Mr Jordan was born on November 29, 1921. He grew up next to his father's mill in St Neots Road, Sandy, and was educated at Wellingborough School.
He trained as a flour miller at Reads of Norwich and in his spare time his love of speed was reflected in his cars and motorbikes.
His lifelong interest in aviation began after a flight in an aircraft with Richard Shuttleworth, pilot and founder of the Shuttleworth Collection.
When war broke out in 1939 Mr Jordan joined the RAF and went into the Air Transport Auxiliary delivering aircraft from factories to operational airfields.
By the end of the war Mr Jordan had flown practically every combat aircraft in service with the RAF.
After the war he spent many years flying at air displays with a SI Pitts Special and a Boeing Stearman. He was a stunt double for Baron von Stalhein in the 1985 film Biggles. He continued his love of aerobatic flying into his 70s and logged over 23,000 hours in the air.
A keen sportsman, particularly rugby as well as motor racing, he helped set up Biggleswade Rugby Club on the Langford Road and continued to play until he was 55. As chairman of the club he immersed himself in events at the club.
He also owned and raced many sports cars including a Ford GT40 two McClaren M6Bs and formula 5000 vehicles at Snetteron, Thruxton and Silverstoine, where he held the lap record for several years.
It was after World War II that he took over his grandfather's run down flour mill Holme Mills in Biggleswade and built an animal feed mill on the same site which he continued to run until July, 2004.
In the 1960s he also took over the government grain storage and drying facility in Bedford, converting the site to store more grain and provide a drying and storage facility for local farmers. He also owned four local garages.
He married Pamela Logsdon in 1946 and they had three children, Bill, David and Lindsay. Bill and David went on to create the Jordans Cereal business. Pam continues to run the shop at Holme Mills.
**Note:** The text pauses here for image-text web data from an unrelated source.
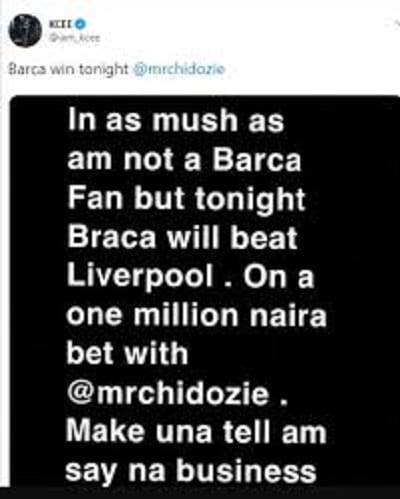 Barca vs Liverpool: le chanteur nigérian Kcee perd 1 million de nairas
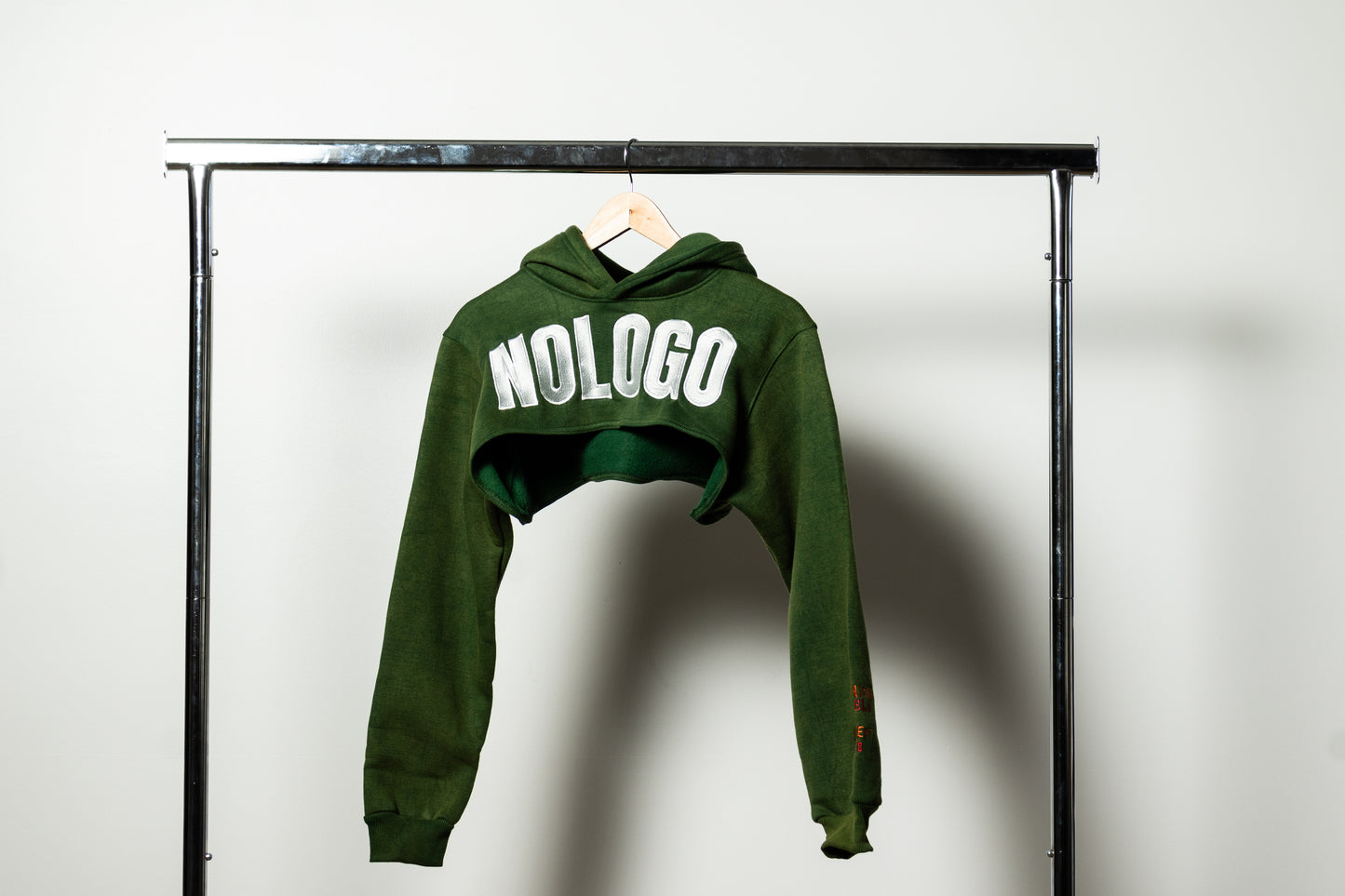 NoLoGo green acid wash crop hoodie
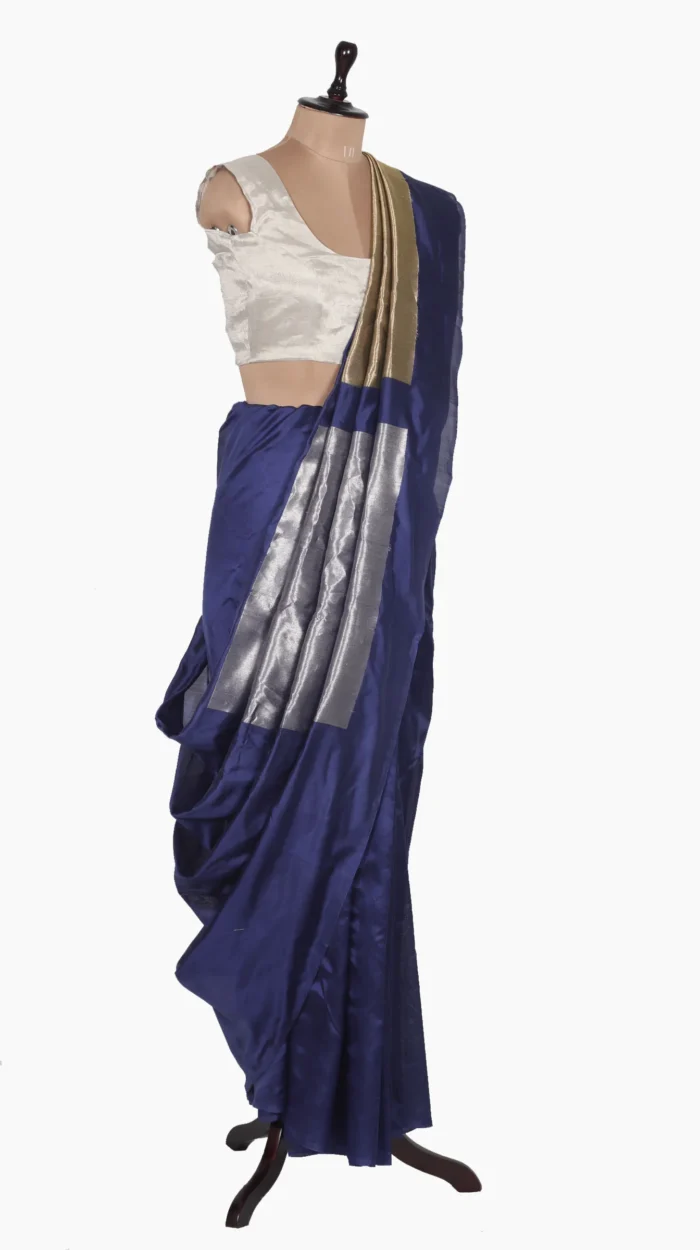 Golden Silver Pallu Chanderi Silk Saree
"I don't think anyone could have packed more into a life," said David Jordan.
"He had a lot of fun along the way and was never afraid to take risks. Above all he would always have a go.
"He was hugely active all his life with a very practical sense of humour and a devil may care attitude that got him into trouble on more than one occasion.
"He was a larger than life character and fiercely loyal to Biggleswade and Bedfordshire.
"I don't recall him reading any national newspaper preferring The Comet or the Chronicle. He'll be missed by many people in the area, not just his family and friends.